PROMPT - When you reach the line that contains "京商1/18フェラーリ308GTSクアトロバルボーレ【RED】" in the data below, start reproducing lines exactly, and stop after the line that contains "Hotel Al Ponte".

= = = = =

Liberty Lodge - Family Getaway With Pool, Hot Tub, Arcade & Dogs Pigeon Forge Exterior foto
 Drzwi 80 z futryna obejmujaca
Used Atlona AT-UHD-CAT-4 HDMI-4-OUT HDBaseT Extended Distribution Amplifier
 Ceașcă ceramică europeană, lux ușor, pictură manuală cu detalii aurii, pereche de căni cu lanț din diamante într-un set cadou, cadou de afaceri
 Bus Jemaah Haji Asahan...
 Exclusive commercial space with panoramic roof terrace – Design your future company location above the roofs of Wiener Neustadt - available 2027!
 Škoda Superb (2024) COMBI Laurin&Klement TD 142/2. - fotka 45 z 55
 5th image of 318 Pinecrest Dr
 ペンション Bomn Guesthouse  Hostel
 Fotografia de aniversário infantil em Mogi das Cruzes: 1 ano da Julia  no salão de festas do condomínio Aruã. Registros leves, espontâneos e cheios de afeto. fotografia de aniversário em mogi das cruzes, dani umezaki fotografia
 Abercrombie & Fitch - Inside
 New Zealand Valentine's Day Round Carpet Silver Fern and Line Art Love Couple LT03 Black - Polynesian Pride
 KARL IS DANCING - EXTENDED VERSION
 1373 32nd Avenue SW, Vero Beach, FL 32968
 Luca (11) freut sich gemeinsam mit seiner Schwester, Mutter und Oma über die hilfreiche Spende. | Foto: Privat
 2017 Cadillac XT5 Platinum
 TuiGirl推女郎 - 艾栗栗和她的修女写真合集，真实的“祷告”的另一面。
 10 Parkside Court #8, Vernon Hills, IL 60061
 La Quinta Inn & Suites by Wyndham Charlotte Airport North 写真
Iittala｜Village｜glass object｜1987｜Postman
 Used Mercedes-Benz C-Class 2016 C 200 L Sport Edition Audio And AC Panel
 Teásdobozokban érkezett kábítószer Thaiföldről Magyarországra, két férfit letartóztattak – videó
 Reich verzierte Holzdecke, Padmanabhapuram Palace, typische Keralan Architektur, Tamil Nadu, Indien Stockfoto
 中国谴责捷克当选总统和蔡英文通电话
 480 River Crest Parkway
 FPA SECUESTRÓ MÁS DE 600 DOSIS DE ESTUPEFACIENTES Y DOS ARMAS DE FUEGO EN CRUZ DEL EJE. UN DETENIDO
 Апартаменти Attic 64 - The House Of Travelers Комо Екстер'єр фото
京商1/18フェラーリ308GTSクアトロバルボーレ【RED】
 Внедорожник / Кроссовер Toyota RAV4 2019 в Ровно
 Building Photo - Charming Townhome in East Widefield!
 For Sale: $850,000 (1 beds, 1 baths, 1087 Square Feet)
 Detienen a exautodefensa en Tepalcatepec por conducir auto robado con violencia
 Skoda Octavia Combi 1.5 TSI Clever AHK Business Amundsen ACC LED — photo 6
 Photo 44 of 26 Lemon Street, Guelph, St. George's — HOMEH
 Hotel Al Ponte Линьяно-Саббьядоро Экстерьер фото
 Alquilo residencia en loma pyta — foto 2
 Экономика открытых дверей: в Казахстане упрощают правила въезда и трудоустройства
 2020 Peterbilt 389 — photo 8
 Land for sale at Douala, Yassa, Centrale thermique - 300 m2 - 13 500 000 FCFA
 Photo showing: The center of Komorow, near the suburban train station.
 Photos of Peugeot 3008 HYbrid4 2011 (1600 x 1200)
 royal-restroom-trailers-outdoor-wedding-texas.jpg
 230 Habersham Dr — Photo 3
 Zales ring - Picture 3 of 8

= = = = =

ANSWER SECTION -
京商1/18フェラーリ308GTSクアトロバルボーレ【RED】
 Внедорожник / Кроссовер Toyota RAV4 2019 в Ровно
 Building Photo - Charming Townhome in East Widefield!
 For Sale: $850,000 (1 beds, 1 baths, 1087 Square Feet)
 Detienen a exautodefensa en Tepalcatepec por conducir auto robado con violencia
 Skoda Octavia Combi 1.5 TSI Clever AHK Business Amundsen ACC LED — photo 6
 Photo 44 of 26 Lemon Street, Guelph, St. George's — HOMEH
 Hotel Al Ponte Линьяно-Саббьядоро Экстерьер фото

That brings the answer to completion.